Termino el día viendo dos capítulos de La línea invisible, la serie que acaba de estrenarse sobre ETA; dirigida por Mariano Barroso. Es un cineasta solvente y se nota, pero prefiero esperar a verla entera antes de opinar. Llevo más de cinco años trabajando sobre el tema de ETA, para un libro de no ficción —Sangre, sudor y paz—, otro de ficción —El mal de Corcira, la novela de Bevilacqua recién acabada— y una serie de TV también de ficción, Rojo 30, cuyos guiones remato en estos días con Noemí Trujillo y Daniel Corpas. El asunto es amplio y complejo para despacharlo en un par de líneas. Más adelante, cuando la haya visto entera.

Actualidad, Diario de la alarma
About Lorenzo Silva
4 Comentarios
  1. Buenos días, Lorenzo.
    Te saludé hace ya unos días en Mercadona, desde lejos, como corresponde a estos días tristes y desangelados. Te sugerí que nos escribieses algo sobre la situación que todos estamos sufriendo y me he alegrado mucho cuando un amigo me ha informado que en tu blog estás ayudando a poner un poco de claridad, información, reflexión y opinión.
    Muchas gracias por tu aportación y que todos esos objetivos que tienes entre manos, pronto salgan a la luz y sean todo un éxito.
    Un abrazo ,…y que nos sigamos viendo.

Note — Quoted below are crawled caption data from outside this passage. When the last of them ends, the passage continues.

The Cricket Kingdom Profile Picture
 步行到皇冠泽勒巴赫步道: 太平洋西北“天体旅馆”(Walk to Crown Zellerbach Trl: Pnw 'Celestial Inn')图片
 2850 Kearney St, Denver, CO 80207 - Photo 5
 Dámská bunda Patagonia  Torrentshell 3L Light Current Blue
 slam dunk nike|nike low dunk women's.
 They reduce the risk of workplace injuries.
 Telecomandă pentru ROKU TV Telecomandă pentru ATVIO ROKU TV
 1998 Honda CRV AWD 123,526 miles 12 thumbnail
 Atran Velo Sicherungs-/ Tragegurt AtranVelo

    • Muchas gracias, Jesús. El diario es un repertorio de apuntes de urgencia, nada más. Por lo que me van contando, esto tiene varias novelas, pero esas piden su tiempo. Se lo daremos, mientras seguimos recogiendo testimonios. Un abrazo, vecino, en tanto nos vemos, y cuidaos tú y los tuyos.

  2. Estimado amigo , el diario de hoy me ha producido una profunda tristeza,me duele en el alma la situación de los ancianos en la residencias española.
    Me produce tristeza e indignación la actuación del govern de la Generalitat. No tiene nombre.
    Mi hermana, que es enfermera en un ambulatorio, me comenta que cada día van a visitarse más personas con ataques de ansiedad …
    ¿ Sigues bailando con Nuria resistiré ?
    Un abrazo telemático

    • Hace días que no… Hoy recuperaremos la costumbre, aunque a los mayores nos canse un poco la canción, a ella le encanta. Abrazo de vuelta.